CORPORATE SEAL                                        VOICETEK CORPORATION
 ATTEST:

                                                      By:
                                                         -----------------------
- -------------------------
Clerk                                                    Name:
                                                         Title:


                                      -3-
   18
                                        

                                                                       EXHIBIT 1

                                 PROMISSORY NOTE

$5,000,000.00                                              Boston, Massachusetts
                                                              September 26, 1996
                                                                            

         FOR VALUE RECEIVED, the undersigned Voicetek Corporation, a
Massachusetts corporation (the "Borrower) hereby promises to pay to the order of
FLEET NATIONAL BANK (the "Bank") the principal amount of Five Million and 00/100
($5,000,000.00) Dollars or such portion thereof as has been advanced by the Bank
and/or its corporate predecessor or may hereafter be advanced by the Bank
pursuant to Section 1.2 of that certain letter agreement between the Borrower
and Fleet Bank of Massachusetts, N.A. dated September 21, 1994, as amended (as
so amended, the "Letter Agreement") (the Bank having succeeded to the rights of
Fleet Bank of Massachusetts, N.A. thereunder) and remains outstanding from time
to time hereunder ("Principal"), with interest, at the rate hereinafter set
forth, on the daily balance of all unpaid Principal, from the date hereof until
payment in full of all Principal and interest hereunder.

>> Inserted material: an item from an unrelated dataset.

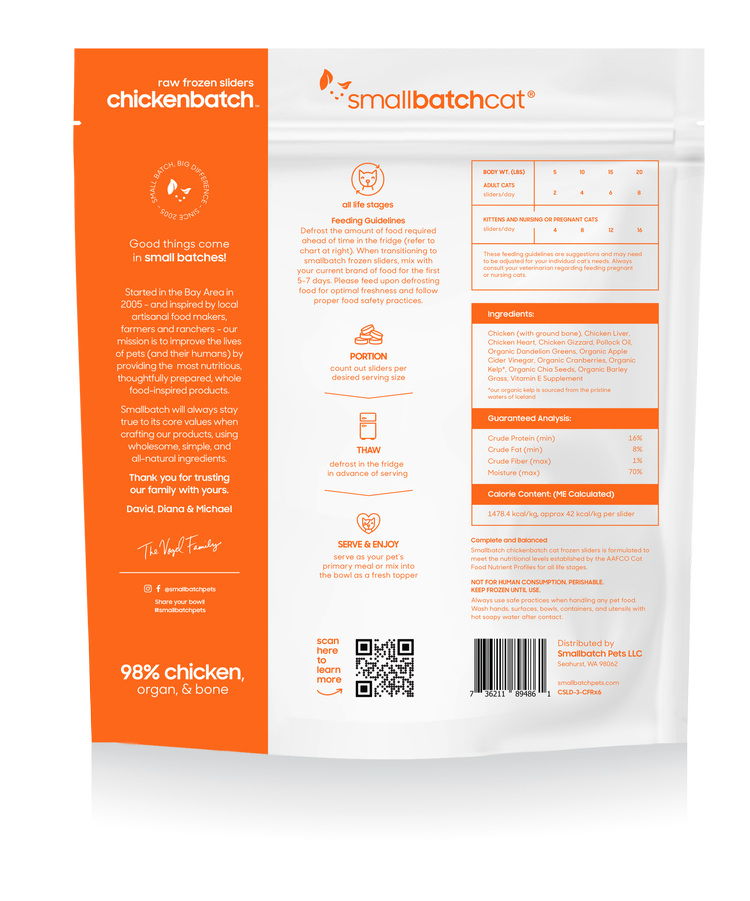 ChickenBatch Frozen Raw Food for Cats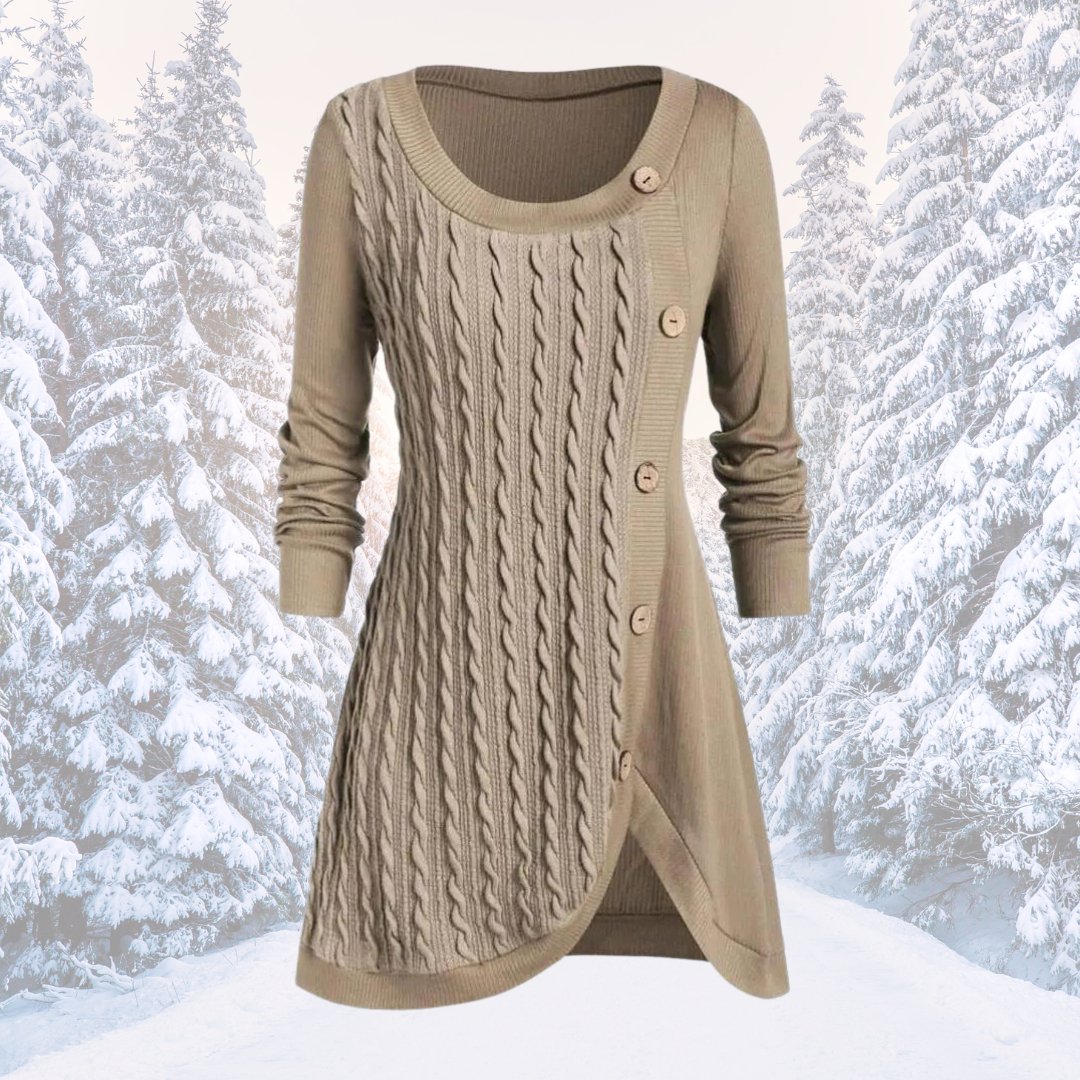 Layla | Comfy tuniek trui met effen knopen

         Interest on all unpaid Principal shall be due and payable monthly in
arrears, on the first day of each month, commencing on the first such date after
the advance of any Principal and continuing on the first day of each month
thereafter and on the date of payment of this note in full, at a fluctuating
rate per annum (computed on the basis of a year of three hundred sixty (360)
days for the actual number of days elapsed) which shall at all times be equal to
the sum of (i) three-quarters of one percent (0.75%) per annum plus (ii) the
Prime Rate, as in effect from time to time (but in no event in excess of the
maximum rate permitted by then applicable law). A change in the aforesaid rate
of interest shall become effective on the same day on which any change in the
Prime Rate is effective. Overdue Principal and, to the extent permitted by law,
overdue interest from and after the date on which same becomes past due shall
bear interest at a fluctuating rate per annum which at all times shall be equal
to the sum of (i) two (2%) percent per annum plus (ii) the per annum rate
otherwise payable under this note (but in no event in excess of the maximum rate
permitted by then applicable law), compounded monthly and payable on demand. As
used herein, "Prime Rate" means that rate of interest per annum announced by
the Bank from time to time as its prime rate, it being understood that such rate
is merely a reference rate, not necessarily the lowest, which serves as the
basis upon which effective rates of interest are calculated for obligations
making reference thereto. If the entire amount of any required Principal and/or
interest is not paid within ten (10) days after the same is due, the Borrower
shall pay to the Bank a late fee equal to five percent (5%) of the required
payment, provided that such late fee shall be reduced to three percent (3%) of
any required Principal and interest that is not paid within fifteen (15) days of
the date it is due if this note is secured by a mortgage on an owner-occupied
residence of 1-4 units.

         All outstanding Principal and all interest accrued thereon shall be due
and payable in full on the first to occur of: (i) an acceleration under Section
5.2 of the Letter Agreement or (ii) September 1, 1997. The Borrower may at any
time and from time to time prepay all or any portion of said

                                                                

   19
Principal, without premium or penalty. Under certain circumstances set forth in
the Letter Agreement, prepayments of Principal may be required.

         Payments of both Principal and interest shall be made, in immediately
available funds, at the office of the Bank located at 75 State Street, Boston,
Massachusetts 02109, or at such other address as the Bank may from time to time
designate.

         The undersigned Borrower irrevocably authorizes the Bank to make or
cause to be made, on a schedule attached to this note or on the books of the
Bank, at or following the time of making any Revolving Loan (as defined in the
Letter Agreement) and of receiving any payment of Principal, an appropriate
notation reflecting such transaction and the then aggregate unpaid balance of
Principal. Failure of the Bank to make any such notation shall not, however,
affect any obligation of the Borrower hereunder or under the Letter Agreement.
The unpaid Principal balance of this note, as recorded by the Bank from time to
time on such schedule or on such books, shall constitute presumptive evidence of
the aggregate unpaid principal amount of the Revolving Loans.

         The Borrower hereby (a) waives notice of and consents to any and all
advances, settlements, compromises, favors and indulgences (including, without
limitation, any extension or postponement of the time for payment), any and all
receipts, substitutions, additions, exchanges and releases of collateral, and
any and all additions, substitutions and releases of any person primarily or
secondarily liable, (b) waives presentment, demand, notice, protest and all
other demands and notices generally in connection with the delivery, acceptance,
performance, default or enforcement of or under this note, and (c) agrees to pay
all costs and expenses, including, without limitation, reasonable attorneys'
fees, incurred or paid by the Bank in enforcing this note and any collateral or
security therefor, all whether or not litigation is commenced.

         This note is the Revolving Note referred to in the Letter Agreement.
This note is secured by, and is entitled to the benefits of, the Security
Agreement (as defined in the Letter Agreement). This note is subject to
prepayment as set forth in the Letter Agreement. The maturity of this note may
be accelerated upon the occurrence of an Event of Default, as provided in the
Letter Agreement.

         Executed, as an instrument under seal, as of the day and year first
above written.

CORPORATE SEAL                                  VOICETEK CORPORATION

ATTEST:

                                                By:___________________
_____________________
Clerk                                              Name:
                                                   Title:


                                       -2-
   20
                        SUPPLEMENTAL DISCLOSURE SCHEDULE

                                      None.